Tech Company Patent Applications Threaten Inmate Privacy

Patents pursued by private tech companies are indicative of dangerous futures for the privacy of inmates and their families.

Patent applications from companies that provide communication services to prisons give an indication of where a company is looking to expand and hint at implementation ideas that could be very dangerous for inmates and their privacy, warns Beryl Lipton, an investigative researcher with the EFF Electronic Frontier Foundation, in an interview for Marketplace. Patent applications include ideas to incorporate ads on tablets that would be given to incarcerated people, augmented reality glasses that could monitor both prisoners and the guards who wear them, and systems to identify and disable drones suspected of bringing in contraband.
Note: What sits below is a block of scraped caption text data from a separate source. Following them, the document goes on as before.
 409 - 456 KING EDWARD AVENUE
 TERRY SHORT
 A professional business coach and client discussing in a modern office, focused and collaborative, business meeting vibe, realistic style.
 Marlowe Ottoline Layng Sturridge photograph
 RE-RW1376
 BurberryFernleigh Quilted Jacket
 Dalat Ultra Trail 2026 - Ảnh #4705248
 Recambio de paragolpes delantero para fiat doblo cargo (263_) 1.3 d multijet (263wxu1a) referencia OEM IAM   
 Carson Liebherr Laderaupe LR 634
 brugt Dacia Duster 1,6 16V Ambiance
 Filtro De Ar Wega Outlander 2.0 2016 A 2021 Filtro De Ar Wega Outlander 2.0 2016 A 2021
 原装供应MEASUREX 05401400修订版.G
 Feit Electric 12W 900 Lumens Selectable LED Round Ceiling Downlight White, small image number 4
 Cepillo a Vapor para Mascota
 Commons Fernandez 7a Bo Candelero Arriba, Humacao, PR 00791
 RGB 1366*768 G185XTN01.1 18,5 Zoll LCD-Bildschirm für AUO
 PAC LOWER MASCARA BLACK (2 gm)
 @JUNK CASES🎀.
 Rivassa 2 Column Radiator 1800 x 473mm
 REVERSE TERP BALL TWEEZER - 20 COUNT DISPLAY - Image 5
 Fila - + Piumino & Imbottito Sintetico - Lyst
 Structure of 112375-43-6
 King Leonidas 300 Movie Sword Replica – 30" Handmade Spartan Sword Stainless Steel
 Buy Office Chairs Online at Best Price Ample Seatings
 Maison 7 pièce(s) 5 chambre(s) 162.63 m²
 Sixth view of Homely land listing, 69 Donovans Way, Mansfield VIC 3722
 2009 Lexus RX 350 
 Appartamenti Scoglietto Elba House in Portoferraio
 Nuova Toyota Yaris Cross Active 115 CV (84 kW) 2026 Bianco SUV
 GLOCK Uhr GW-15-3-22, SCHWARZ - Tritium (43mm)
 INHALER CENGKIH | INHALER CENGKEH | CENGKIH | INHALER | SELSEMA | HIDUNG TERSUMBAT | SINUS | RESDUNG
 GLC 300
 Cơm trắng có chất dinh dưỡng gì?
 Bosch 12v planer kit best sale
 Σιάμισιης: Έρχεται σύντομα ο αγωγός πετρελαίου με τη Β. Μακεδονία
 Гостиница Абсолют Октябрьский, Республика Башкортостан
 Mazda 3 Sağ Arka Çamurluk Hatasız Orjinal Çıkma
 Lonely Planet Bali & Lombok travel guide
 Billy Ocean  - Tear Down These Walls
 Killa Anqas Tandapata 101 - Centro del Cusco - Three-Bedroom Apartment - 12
However, Lipton says that some patents revealed a future where, in addition to the common practice of inmates having their voices captured and put indefinitely into a particular database for future data analysis, family and friends and others who call into the facility would also have their voices collected. In addition, advertising could be a revenue-generating scheme within the prison, where the average inmate who works makes less than $2 a day and can use a tablet to purchase movies, [get] access to email, access to video phone calls. Meanwhile, patents related to drone detection and elimination are concerning because they would rely on surveillance of the area outside of a prison, and also would enable the prison to essentially be able to conduct combat outside or inside of its walls in a way that, at the very least, deserves additional public scrutiny.